Avendo molta cura del fuoco sacrificale e funebre, il devoto s'assicura non solo i beni di questa vita, ma, per quanto apprendiamo da una leggenda del _Çatapatha_ _Brâhmana_ riferita dal Muir, anche quelli dell'altra. Secondo la leggenda, Agni appena creato da _Prag'âpati_, incominciò a bruciare ed a perturbare ogni cosa. Allora tutte le creature esistenti si mossero per distruggerlo. Agni ricorse ad un uomo, e gli domandò che lo lasciasse entrare in esso, dicendogli: «Dopo avermi generato, alimentami; se tu farai codesto per me nel mondo di qua, io farò lo stesso per te nel mondo di là.»

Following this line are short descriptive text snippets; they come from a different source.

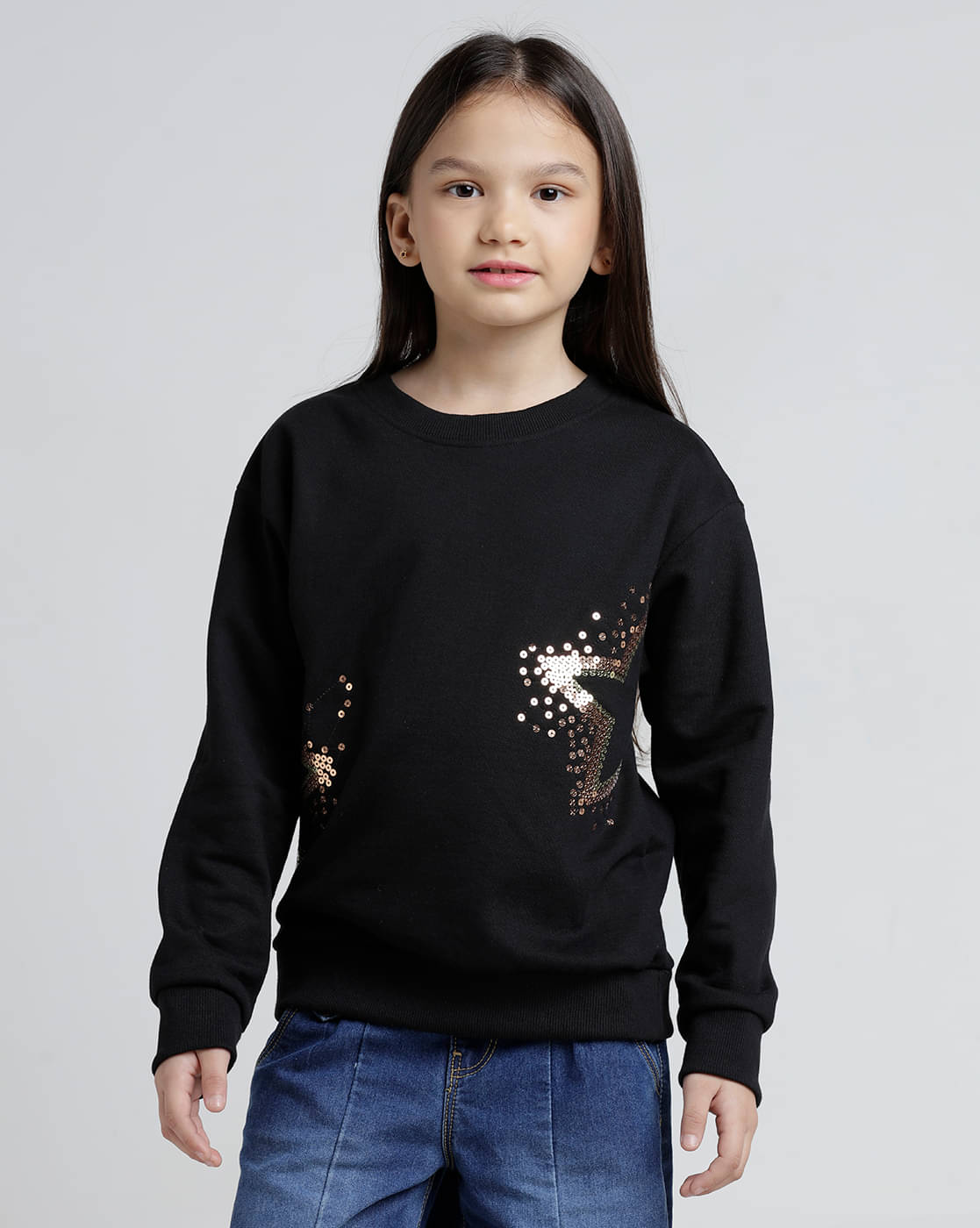     			Under Fourteen Only Pack of 1 Girls Cotton Sweatshirt ( Black )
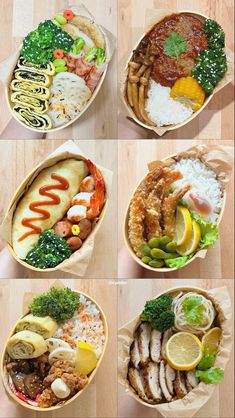 four pictures of different types of food in bowls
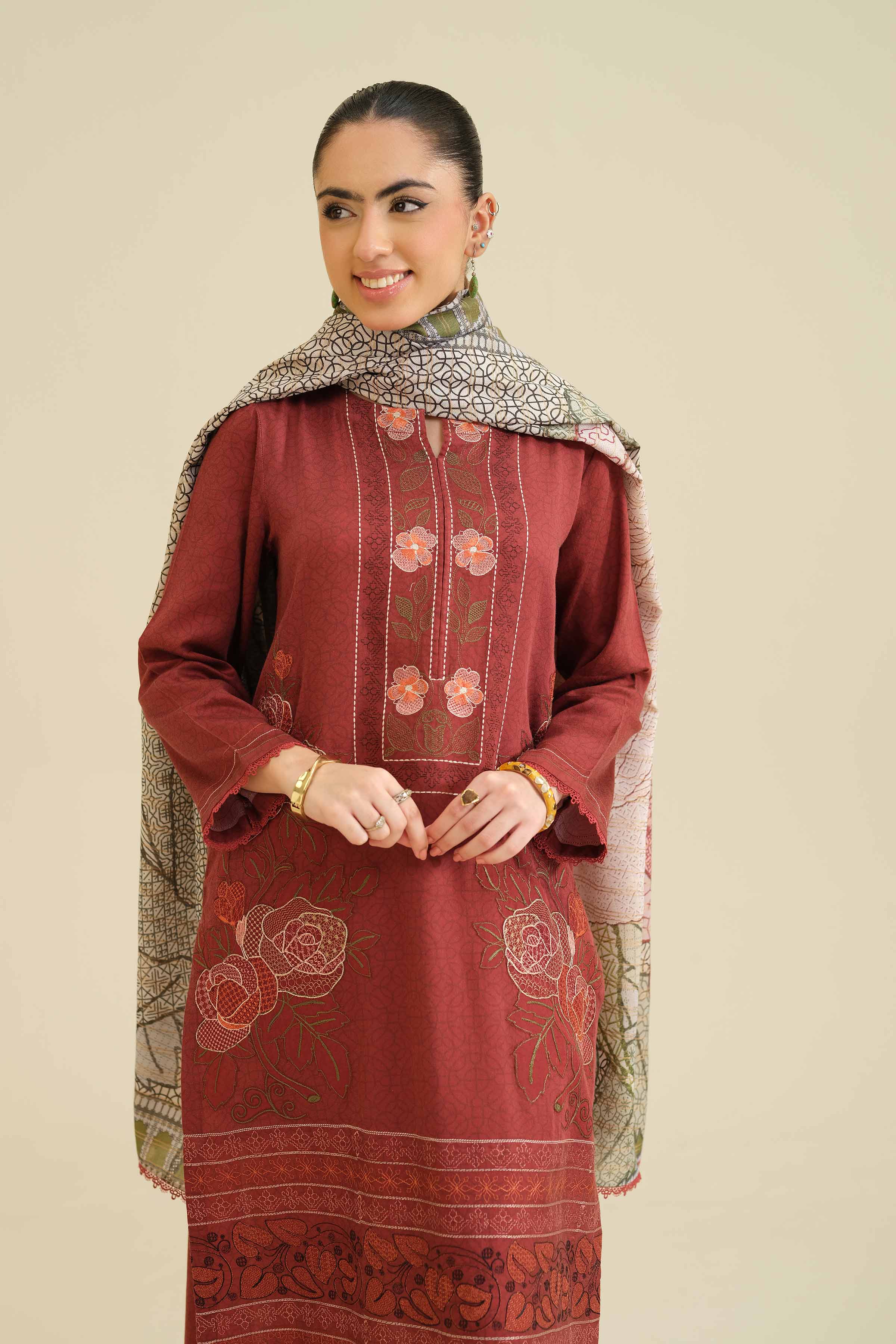 2 Piece - Printed Embroidered Suit - PW25-74 READY TO WEAR Maroon Sateen 2PC Embroidered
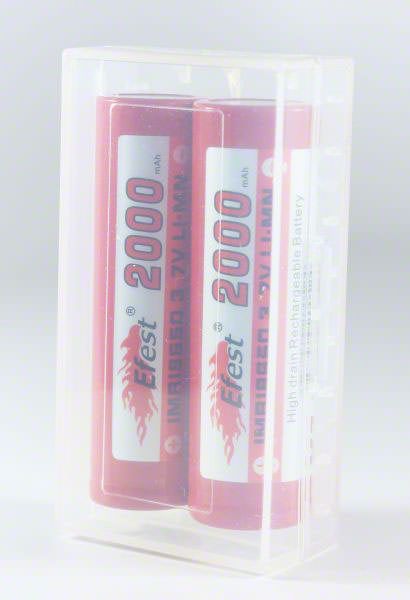 2 x 18650 Battery Case - Clear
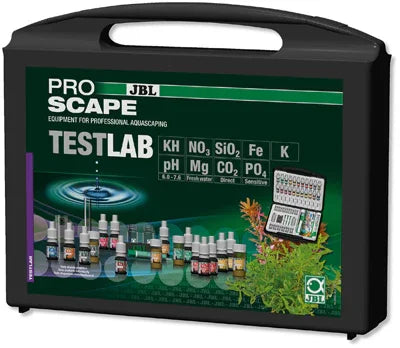Mallette de test JBL ProScape Testlab pour analyse de l'eau d'aquarium, flacons et kit inclus
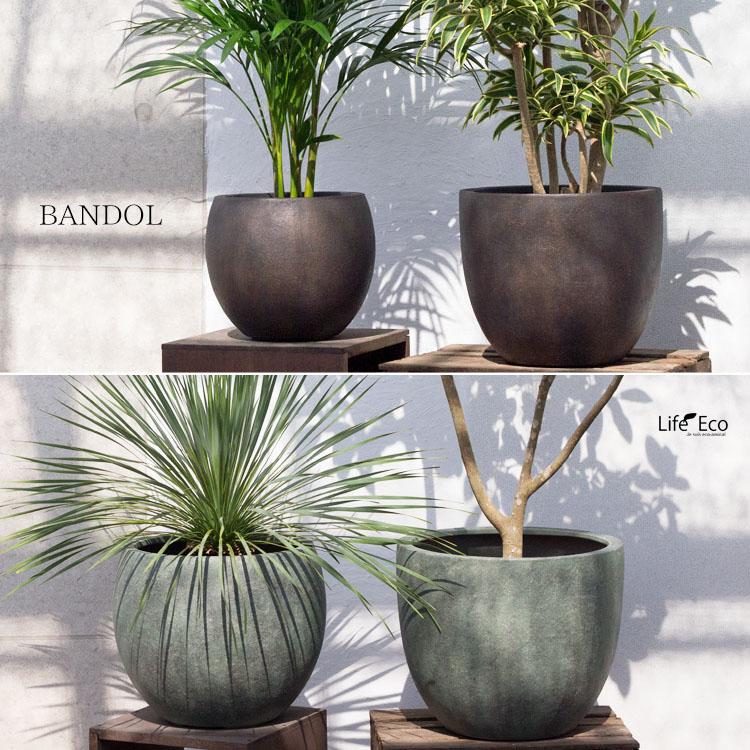 金属製ブラウン植木鉢 植木鉢 軽量大型 FRP製 バンドール ラウンド ブロンズ（ブラウン・茶
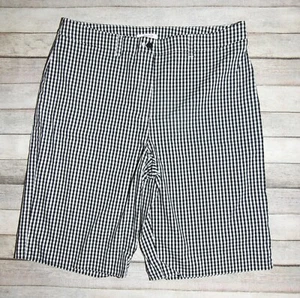 Anne Klein Sport Womens Size 14 Black White Buffalo Checkered Stretch Shorts - Picture 1 of 10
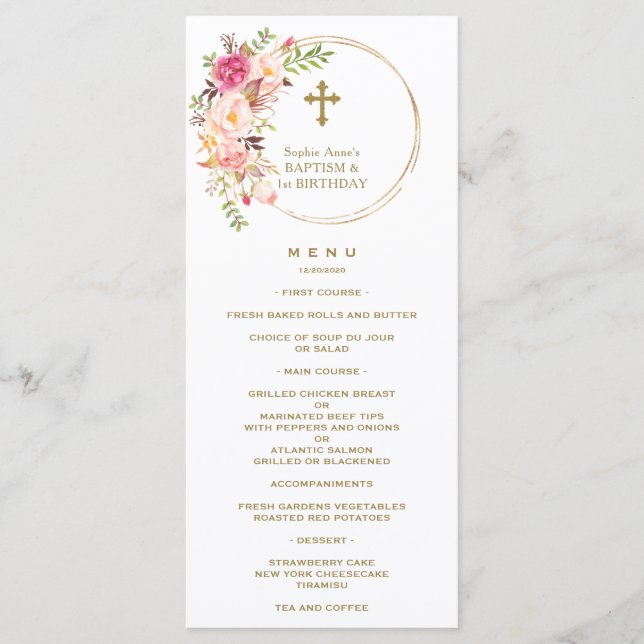 Menú Floral Rubor rosa único primer cumpleaños y bautis (Anverso)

Ritorniamo adunque a quel mondo di là, al quale l'Agni del rogo guida gli uomini, diverso da quel fuoco sotterraneo, il cui solo ufficio è la consumazione del cadavere celato nella terra. Vi è un Agni vitale creatore, padre; e vi è un Agni empio, mostruoso, distruggitore. Vi è un Agni divino. Vi è un Agni demoniaco; l'Agni divino è sapiente, luminoso ed illuminante, poichè ora precede l'aurora, e sorge con essa (onde il suo appellativo di _Usharbudh_); quest'Agni è spesso chiamato _rakshohan_, ossia _uccisore del mostro; tamohan_, ossia _distruggitore della tenebra_. Il fuoco che si tiene tuttora acceso la notte in alcune stalle, per cacciare una specie di demonio che si teme venga nelle tenebre ad occupare il bestiame, è una reminiscenza del vedico Agni _rakshohan_ e _tamohan_. Il mostro ama le tenebre; lo spauracchio de' bambini discende dalla nera cappa del camino, quando il fuoco è spento; ma il fuoco che si svolge da' cimiteri nelle notti estive, il fuoco vulcanico, ed altre emanazioni del fuoco sotterraneo son considerate come forme fantastiche infernali. Il fuoco sotterraneo è sempre sinistro, come l'inferno si figura sotterra, e sotterra si distende il regno de' serpenti, ove impera il diavolo, il gran serpente.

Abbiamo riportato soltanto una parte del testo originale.